Prior to joining Chime, Claire was Head of Corporate Communications for The BUPA Group, where she ran a 24 hour PR service and was responsible for increasing press coverage by 800% in three years (thus moving its favourability from number four among its peers to the number one slot). Prior to BUPA she ran her own consultancy, which floated on NASDAQ in 1998.

Dr Paul Davies

Dr Paul Davies

Risk Management, Lloyd’s Register

Paul is the Global Business Manager for Risk Management Services at Lloyd’s Register, a non-profit distributing organisation whose mission is to enhance the safety of life and property at sea, on land and in the air. He has over 20 years experience in helping industry and regulators evaluate and communicate risks to workers and the public. This has covered risks associated with offshore platforms, refineries, pipelines, railways, chemical plants, quarries, and aircraft.
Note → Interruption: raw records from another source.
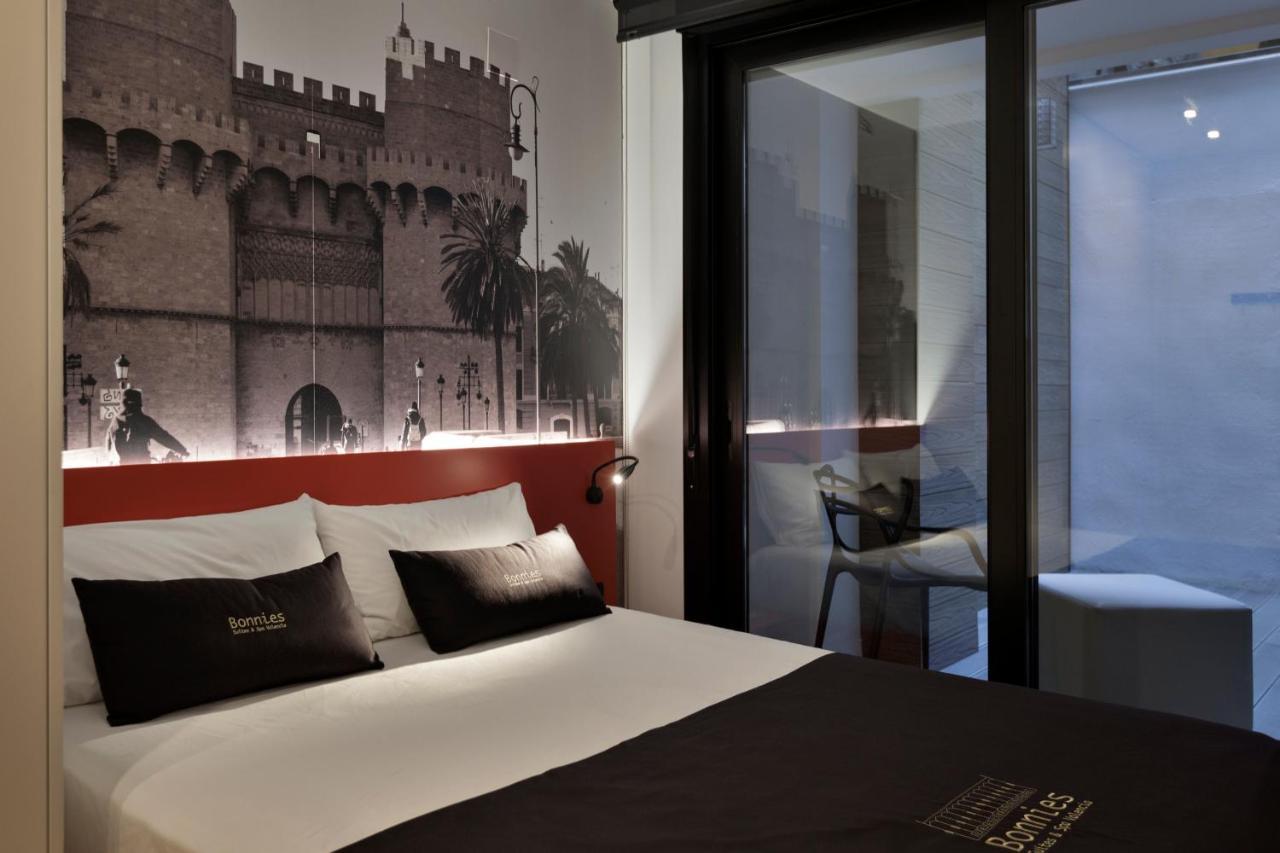 Bonnies Suites & Spa バレンシア エクステリア 写真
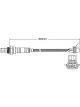 PAT Exhaust Gas Oxygen Sensor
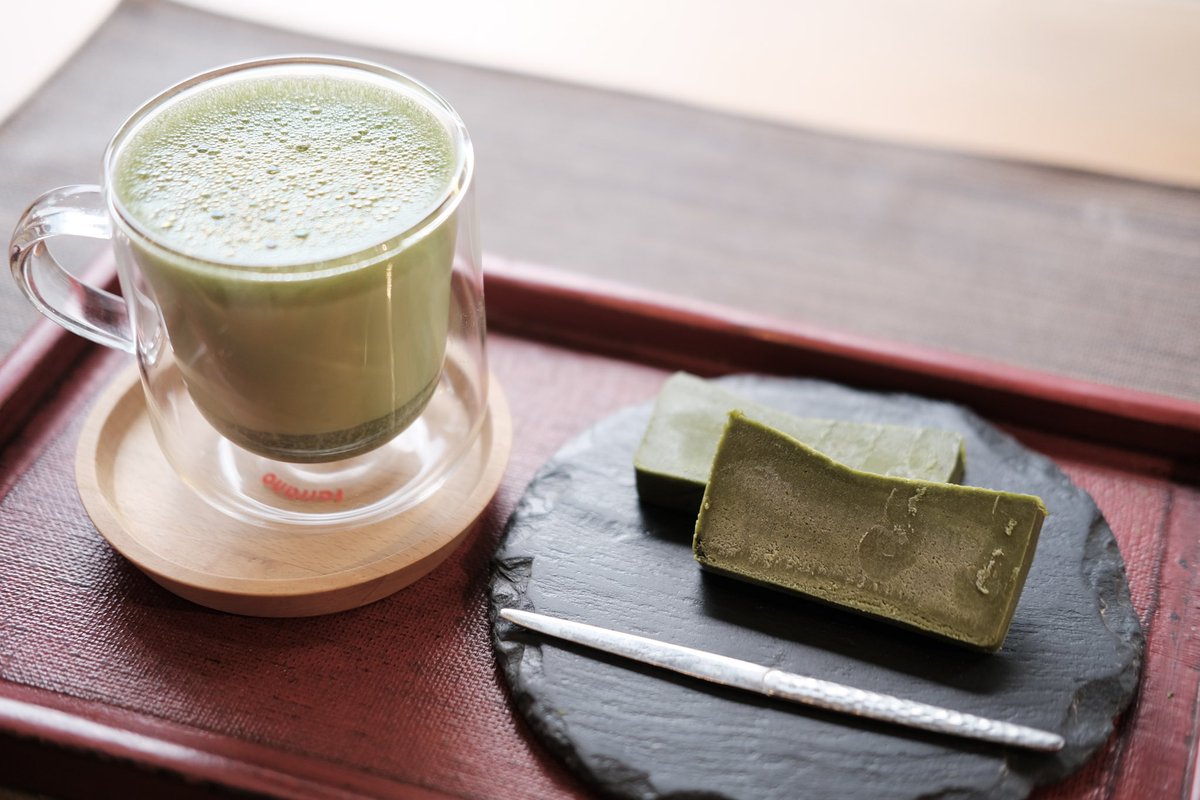 ___m_cafe's tweet photo. 久しぶりに髪の毛くるくる巻いた꒰՞ ܸ. .ܸ՞꒱
ボロネーゼと抹茶テリーヌと抹茶ラテ🫶🏻
パスタ大好き！！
Paul began his career in ‘risk’ by determining the risks to the public from the transport of munitions for the Ministry of Defence. This was undertaken during his research tenure at Loughborough University where he was awarded his doctorate in quantitative risk assessment. His many other projects have included setting risk-based public safety zones around airports, advising on land-use around major industrial hazards and providing evidence for public inquiries and appeals. Paul lists his assistance following Europe’s largest peacetime fire at Buncefield fuel depot in December 2005 as one of his most testing - helping the operator, regulator and police enter and retrieve evidence from the damaged control room, and the unloading of flammables from damaged storage tanks.

Currently, by invite of the Health & Safety Executive, Paul is advising government on societal risks around non-nuclear major hazard installations. He is also developing a new website for sharing the views of leading experts on major hazard risks, and he continues to add to his many publications and presentations on risk-related matters.